De quoi ravir EDF, qui en fait un argument de vente. L’énergéticien, troisième propriétaire foncier du pays derrière l’Etat et la SNCF, ne compte pas laisser passer le train de l’intelligence artificielle. Il a lui aussi planché, en fin d’année dernière, et cherché, dans ses terrains, les perles rares qui pourront accueillir les data centers de demain. Quatre de ses sites figurent parmi les 35 annoncés par le gouvernement, qu’il mettra à disposition sous la forme de bail à construction. Cerise sur le gâteau : tous sont à proximité de postes électriques de 225 000 ou 400 000 volts, propriétés de RTE. La garantie de raccordements express. “On aimerait pouvoir démarrer certaines constructions fin 2026 et avoir, en fonction de leur typologie, des projets opérationnels durant l’année 2027”, indique Stéphane Raison, directeur d’EDF en charge de l’installation de grands sites de consommation.
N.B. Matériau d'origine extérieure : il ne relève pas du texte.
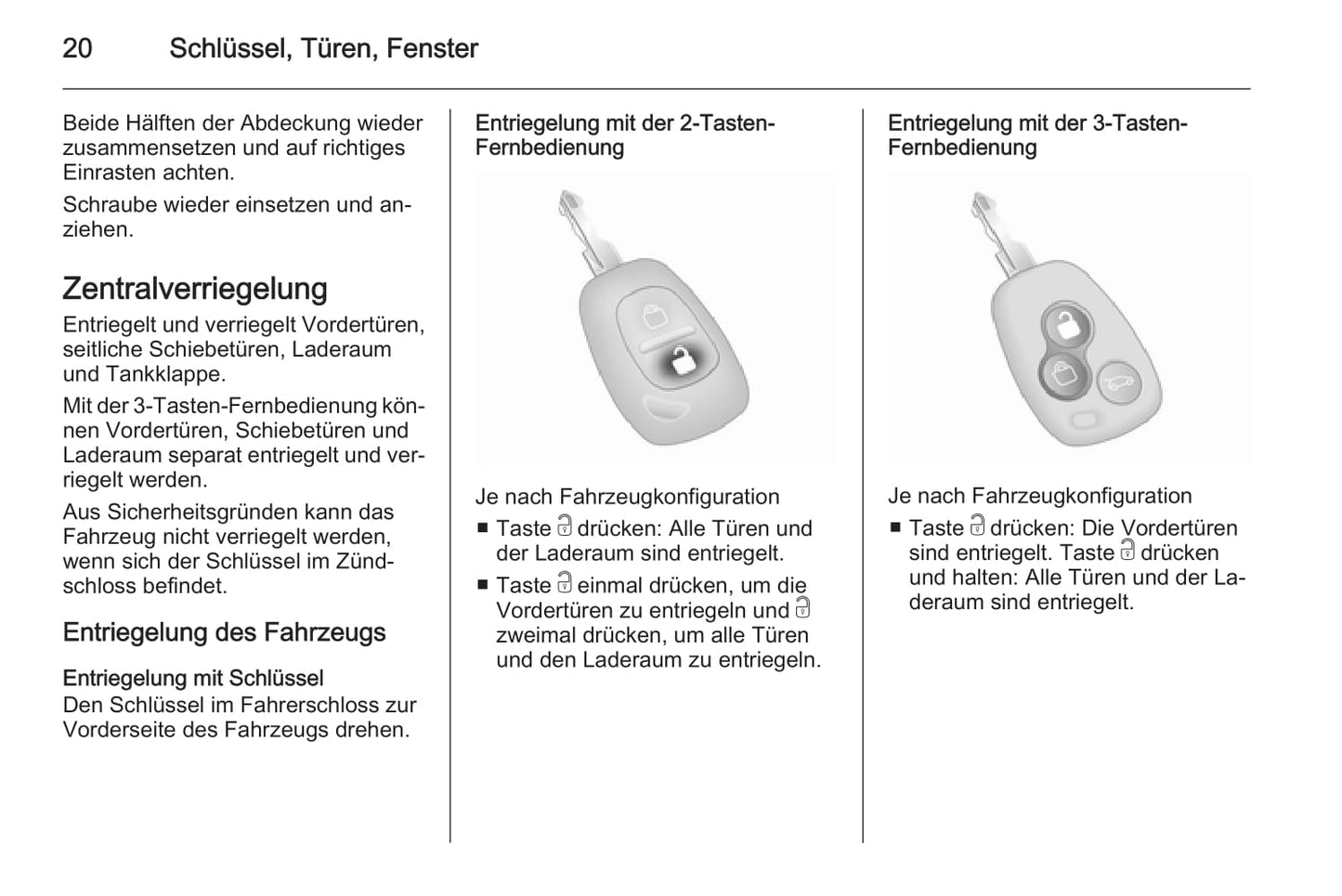 2012-2014 Opel Vivaro Owner's Manual | German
Ce dernier, arrivé en septembre dernier, a pour mission de mieux accompagner les industriels, surtout étrangers, qui s’implantent dans l’Hexagone, de les aider à décoder une réglementation parfois obscure… Bref, de faire gagner du temps à tout le monde. Et si les opérateurs de data centers se laissent convaincre par son électricité bas-carbone, la victoire sera totale.
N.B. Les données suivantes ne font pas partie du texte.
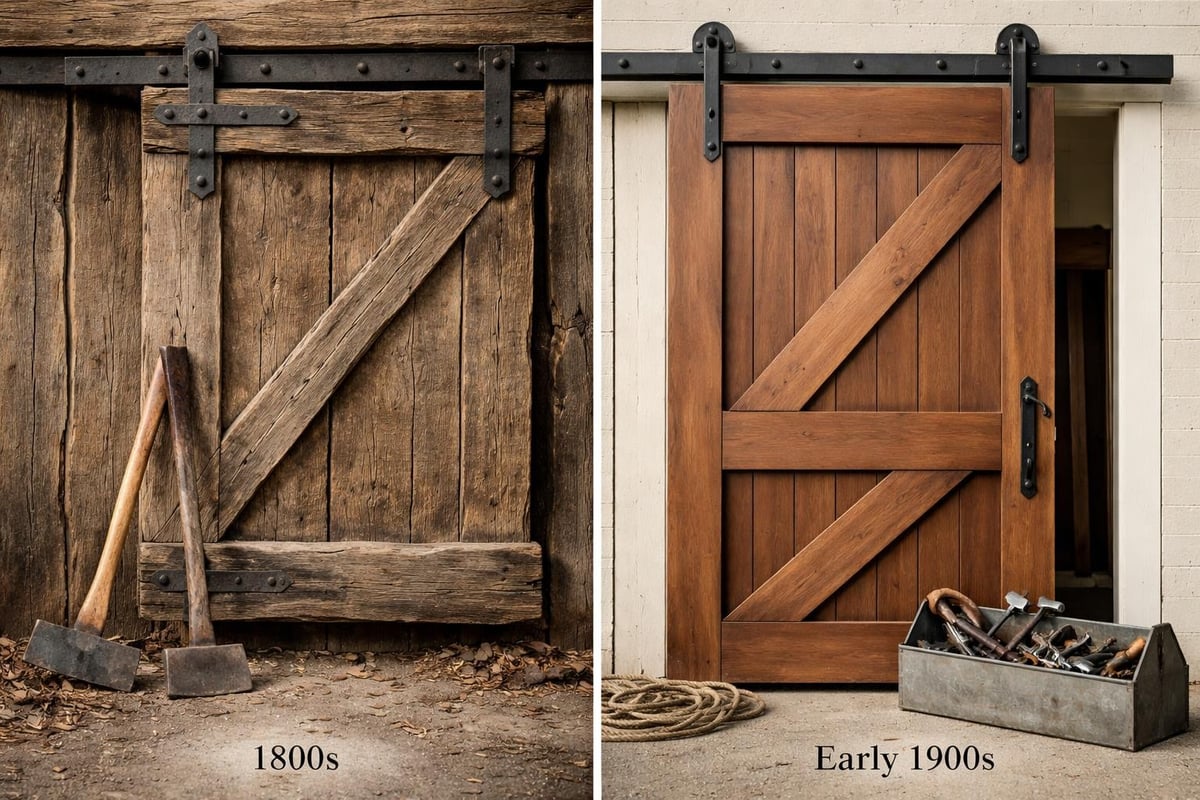 Historical timeline of barn door construction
EDF saura vite si son offre clé en main séduit ou non les géants du numérique. Elle a donné jusqu’au 20 mars aux opérateurs pour manifester leur intérêt concernant trois de ses fameux terrains : Montereau-Vallée-de-la-Seine (Seine-et-Marne), La Maxe et Richemont (Moselle). La localisation d’un quatrième site sera dévoilée dans les prochaines semaines, et deux autres seront proposables en 2026. Avec autant d’atouts, EDF a de quoi tirer parti de la course à l’IA. Sauf que toutes les cartes ne sont pas entre ses mains. Le politique a aussi son mot à dire.

La parade aux demandes “fantômes”

La réussite du “Plug, baby, plug” repose en partie sur la loi de simplification, dédiée aux entreprises du territoire. Elle intègre un volet spécifique aux infrastructures numériques. Pour les projets de dimension “industrielle”, dont la taille reste à déterminer, certaines procédures d’urbanisme pourraient être accélérées. Espéré l’an passé, le texte a subi, comme beaucoup d’autres, les contretemps de la dissolution puis du blocage à l’Assemblée nationale.
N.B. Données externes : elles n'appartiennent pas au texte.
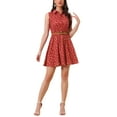 thumbnail image 1 of Vestido sin mangas de longitud a la rodilla con estampado floral y media abertura, con cinturón, color rojo y estampado de gato, 1 of 5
Son parcours législatif a repris l’automne dernier par un vote au Sénat. Eric Lombard, le ministre de l’Economie, a récemment fait savoir que les députés l’examineront à leur tour début avril. “La loi pourrait faire gagner six mois à un an sur le déploiement”, estime Nicolas Walker, avocat au cabinet Reed Smith. Un bon coup de pouce, surtout si le data center acquiert le statut de projet d’intérêt national majeur (PINM), également prévu dans le texte, et déjà appliqué pour des usines vertes ou des mines. Les principaux arbitrages reviendraient alors à l’Etat, et non plus aux collectivités locales.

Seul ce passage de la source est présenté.